Se os governos tivessem levado em conta o exemplo de Canudos, ao invés de massacrá-lo, a questão habitacional talvez fosse bem diferente! Em Canudos não havia falta de moradia. Todos tinham onde morar. E como explicar tal fato? A questão de fundo era a terra. Se todos tinham onde morar, é porque havia fonte de renda que lhes assegurava tal condição. Esta fonte era, indubitavelmente, a terra.
A reforma agrária que a República prometeu e não fez, foi concretizada em Canudos, libertando os sertanejos da fome e do jugo dos coronéis. Ao seu modo, Canudos foi a mais exitosa experiência de reforma agrária que o Brasil já conheceu. Tanto é verdade, que em apenas três anos, aquela comunidade construiu uma economia capaz de suprir as necessidades de aproximadamente 10 mil pessoas, e ainda poder exportar. Neste ponto, são unânimes todos os historiadores de Canudos, inclusive os opositores do Conselheiro.
Isso nos mostra que só a reforma agrária conseguirá resolver os grandes problemas do Brasil, principalmente o do déficit habitacional. A favela é uma das consequências da concentração fundiária. Basta ver que grande parte das favelas, sobretudo nas cidades de porte médio, é habitada por pessoas provenientes do campo. Ou seja, por aqueles que não encontrando espaço no meio rural, são levados a “tentar” a vida nos centros urbanos.

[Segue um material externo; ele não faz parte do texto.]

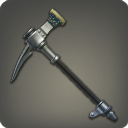 Doman Iron Pickaxe - Miner gathering tools - Items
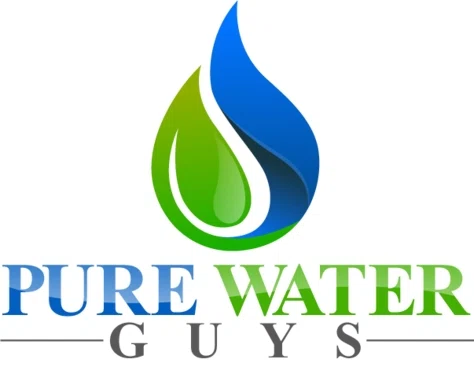 Pure Water Guys logo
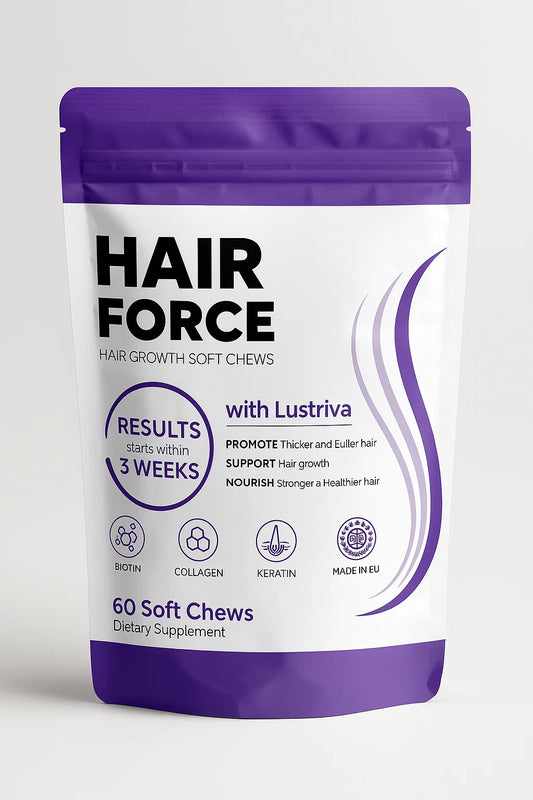 AuraSupps™️ - Мечета за ускоряване на растежа на косата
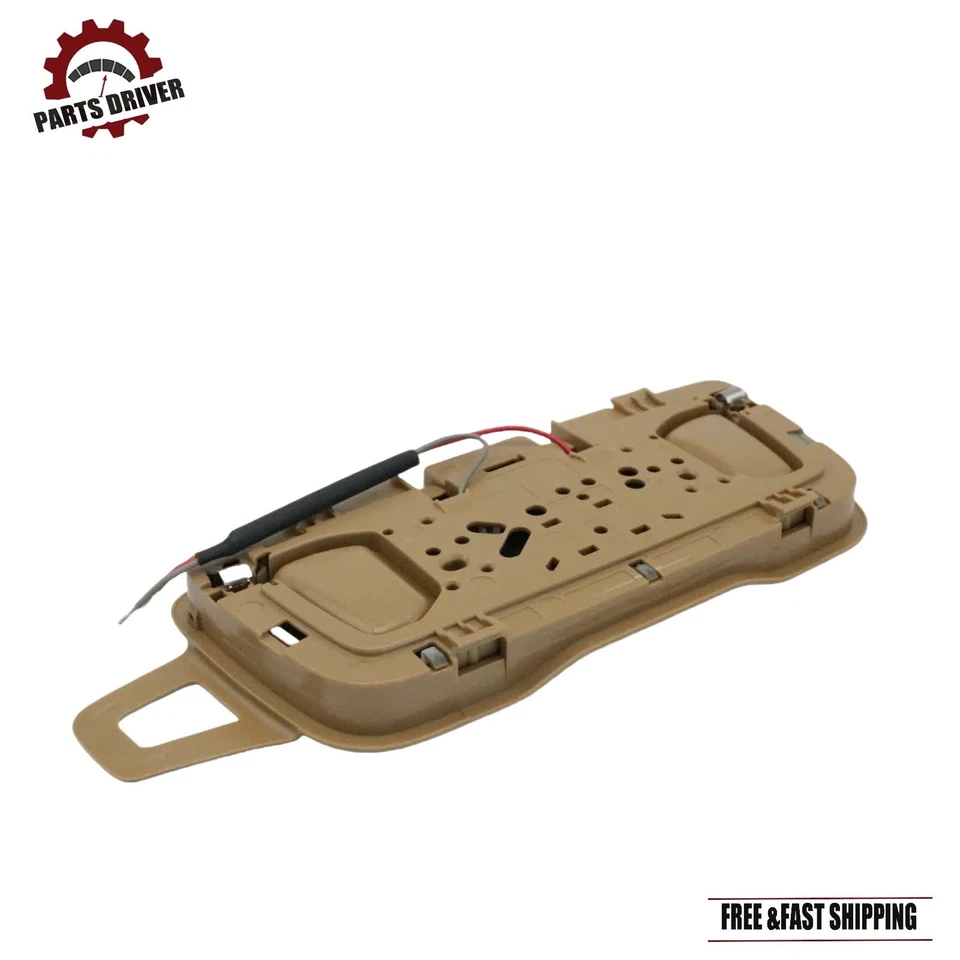 Conjunto de espejo retrovisor visera con luces nuevo para Porsche 718 Cayman 982 2017-2025 Foto 3 de 4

100 anos já se passaram; a voz do Conselheiro foi calada; as ruínas de Canudos foram submersas nas águas do Cocorobó; a secularmente prometida reforma agrária ainda não foi feita; as favelas cada vez mais ganham proporção (atualmente [1996] o número de favelados alcança a cifra dos 18 milhões); os governantes sempre de braços cruzados, “crescendo a pança” e contemplando a desgraça alheia... Quantas favelas ainda teremos que inaugurar até que a terra seja distribuída aos seus verdadeiros donos?
Talvez o povo brasileiro precise cantar como cantou Geraldo Vandré: “Quem sabe faz a hora não espera acontecer”. Há 100 anos os matutos de Canudos já tinham essa consciência.
Ou queremos mais favelas?
José Gonçalves do Nascimento
(Membro da Academia de Ciências, Artes e Letras de Senhor do Bonfim)
(Nota: Artigo publicado originalmente no Jornal A TARDE, Salvador/Bahia, em 9 de dezembro de 1996. O texto é também parte integrante do livro "Recortes de Canudos" de autoria de Raimundo Gama, Editora EDA-Bahia e Universidade Tiradentes - UNIT, Salvador, Bahia, 1997).